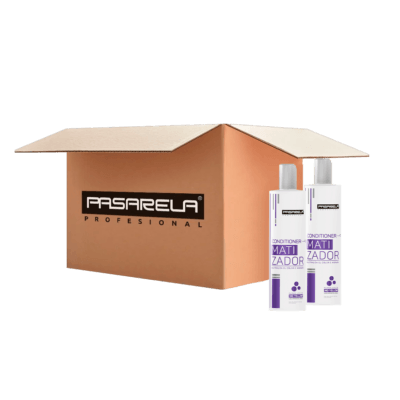 Acondicionador Matizador No Yellow Pasarela - 480 ml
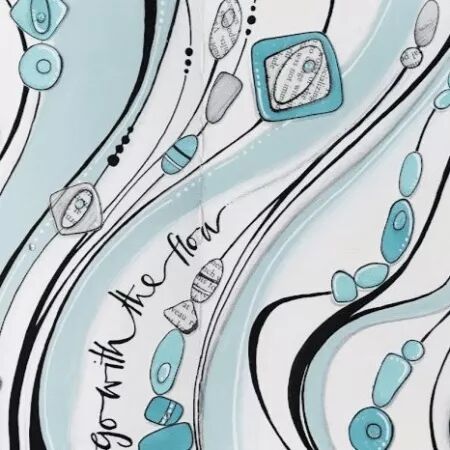 Tampon 104 - Formes g&eacute;om&eacute;triques - Jofy pour PaperArtsy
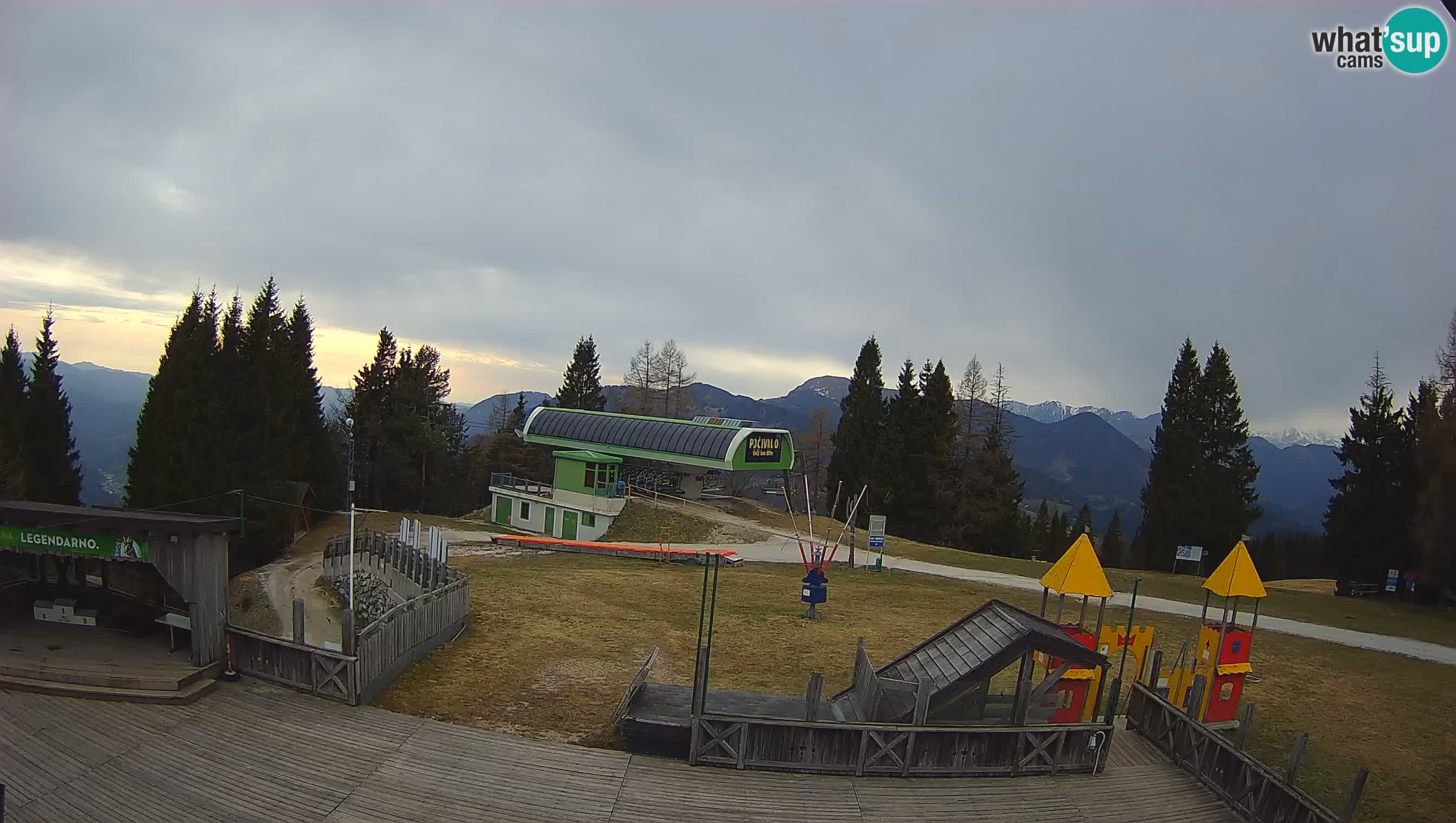 Alpska Perla Skizentrum Cerkno Počivalo Webcam – Slowenien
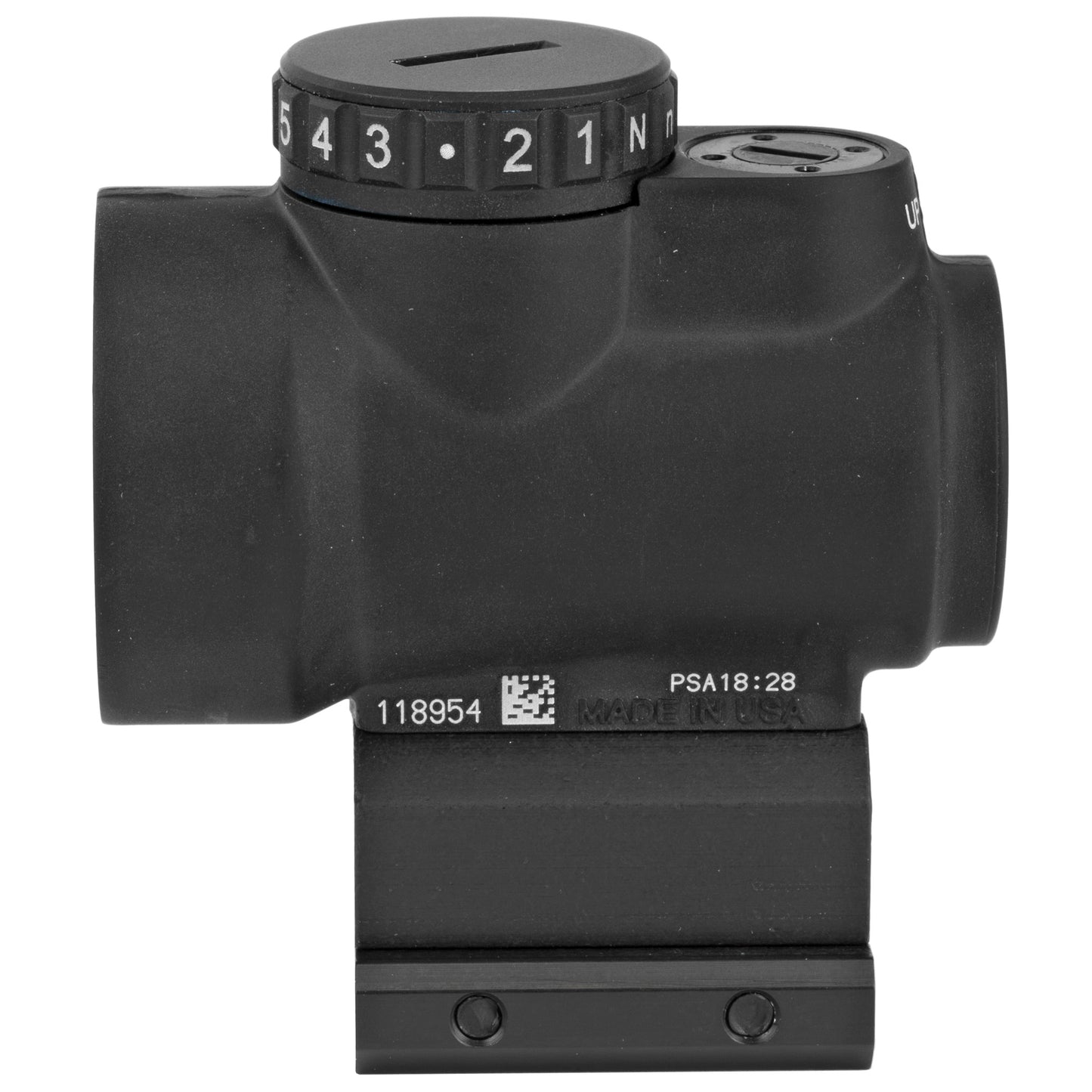 Trijicon, MRO Red Dot, 1X25mm, 2.0MOA Dot, with AC32068 True Co-Witness Mount, Matte Finish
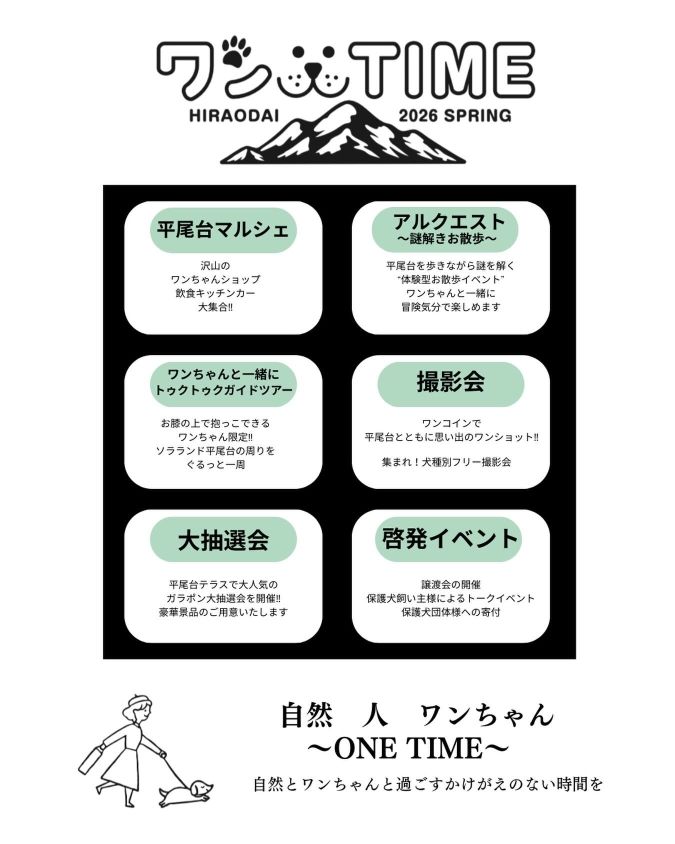 ソラランド平尾台 ワンTIME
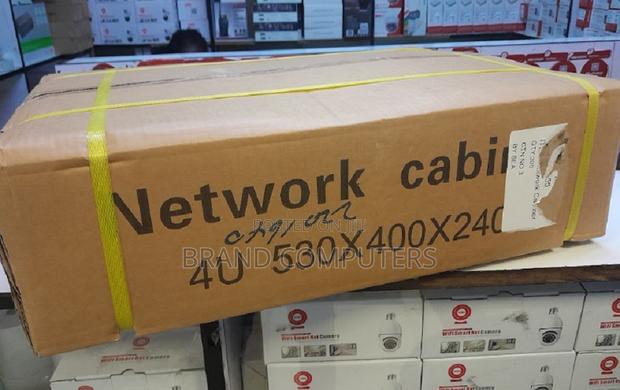 4U Wall Mount Server Cabinet, Network Cabinet - main view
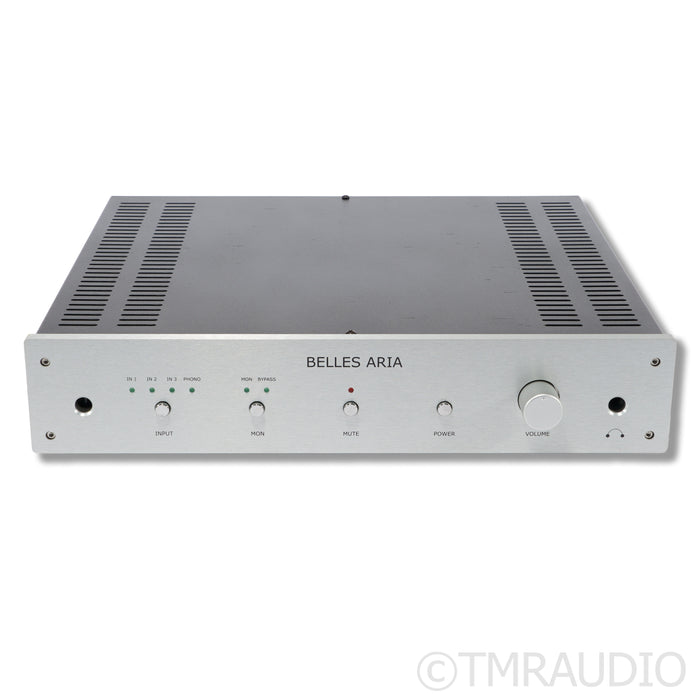 Belles Aria Integrated Amplifier; MM Phono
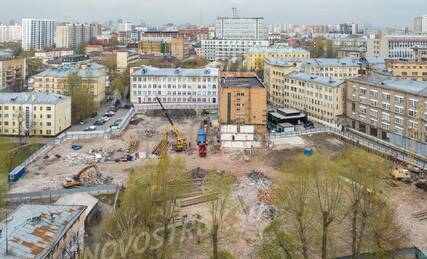 ЖК «Level Бауманская» (Левел Бауманская), Ход строительства, Май 2023, фото 5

» WHAT NEEDS TO BE DONE: Restate, exactly as they appear, the line with "ソラランド平尾台 ワンTIME" and all the lines after it up to the end of the data above; images do not belong in the copy.

» WRITTEN RESPONSE:
 ソラランド平尾台 ワンTIME
 4U Wall Mount Server Cabinet, Network Cabinet - main view
 Belles Aria Integrated Amplifier; MM Phono
 ЖК «Level Бауманская» (Левел Бауманская), Ход строительства, Май 2023, фото 5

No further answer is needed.